Amazon
Amazon, Dünyanın, insanların yaşamına en elverişsiz dolayısıyla de en az tanınan bölgelerinden biri olan Amazon bölgesi (Güney Amerika), adını içinden geçen dev Amazon ırmağından almıştır. Yüzölçümü 1,5 milyon km²'yi aşan, uçsuz bucaksız bir bölgedir.
Amazon ırmağı: Amazon ırmağı, 6 400 km boyunca uzanır ve saniyede 190 000 m³ su akıtır; yani dünyanın su bakımından en zengin ırmağıdır. Peru boğazlarına iki kol gibi gömülen Maranon ve Ucayali ırmaklarının birleşmesiyle doğan Amazon, çığırı boyunca dev kollar alır: Sağdan Purus, Madeira-Marmore, Tapajos ve Xin-gu; soldan Japura ve Rio Negro.
Bu kollar, taşıdıkları gereçlerin farklılıklarına bağlı olarak, değişik renklerdedirler; organik tanecikler taşıyanlara "rios negros" ("siyah ırmaklar"), balçık ve çamur taşıyanlara "rios blancos" ("beyaz ırmaklar") adları verilir. Deltasından 3 160 km uzaklıkta ırmak, ancak 82 km yükseltidedir; o noktadan sonra, geniş kumluk alanları kuşatarak, balta girmemiş ormanlarda yitip giden sayılamayacak kadar çok kol oluşturarak, geniş menderesler halinde yayılır.

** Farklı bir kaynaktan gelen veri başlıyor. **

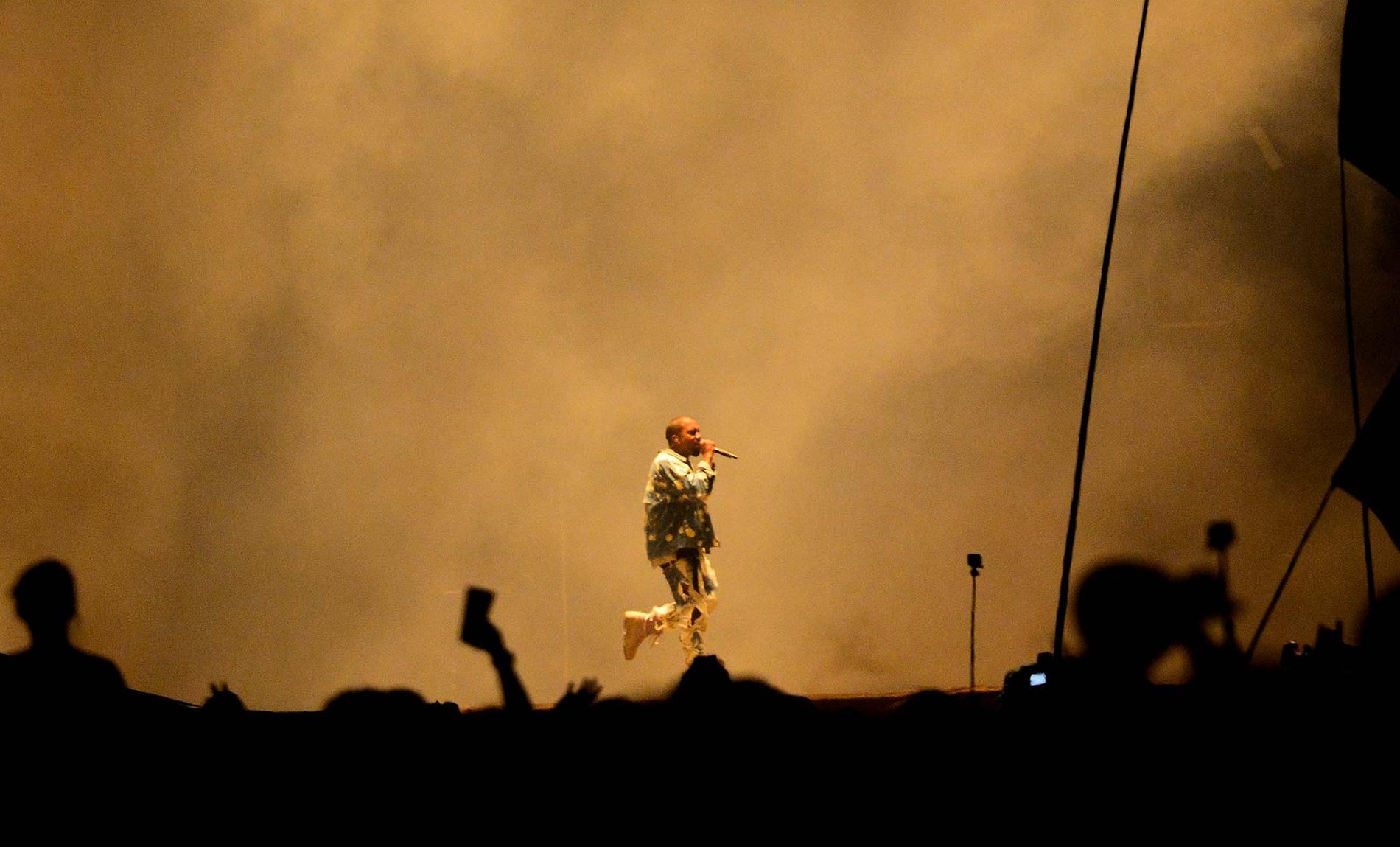 Kanye West repade sig snabbt och genomförde sedan konserten utan problem.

Bu dev ırmakla Atlas okyanusunun birleşmesinin son derece etkileyici bir görünüşü vardır. Karşılaşan iki gücün çarpışmasıyla, 5 m yükseklikte bir dalga çatlaması oluşur. Amazon ırmağının daha az yoğun suları, yüzlerce kilometre boyunca, okyanusun tuzlu suları üstünde dalgalanmayı sürdürür. Buna karşılık, gelgitlerin etkisi Obidos'a kadar uzanır ve ırmağın bütün çığırı boyunca, deniz balık ve hayvanlarına raslanır.
TOPRAK İLE SU ARASINDA:
Ekvatorun boydan boya aştığı Amazon ırmağının hidrografya havzası, boğucu sıcak iklimli bir bölgedir. Su, insan ayağı girmemiş son derece sık bir ormandan sürekli toprak kazanma çabası içinde gibidir. Her yerde toprak hareketlidir; bataklık görünüm, yağmurların etkisiyle sürekli değişir. Zaman zaman, şiddetli bir taşkının kopardığı toprak parçalarının, ırmakta büyük yüzer adalar gibi akıntıyla sürüklendiği görülür.
Orman, dünyanın başka hiç bir yerinde böylesine sık, böylesine aşılmaz değildir. Ağaçların boyu 60 m'yi bulur, altları son derece karanlıktır. Bu ormanaltı, yosunlar, orkideler, ağaçsı eğrelti otları ve milyonlarca böcekle doludur. Memeliler, kuşlar ve sürüngenler, bitki örtüsü daha az sık olan alanlara doğru çekilmektedir.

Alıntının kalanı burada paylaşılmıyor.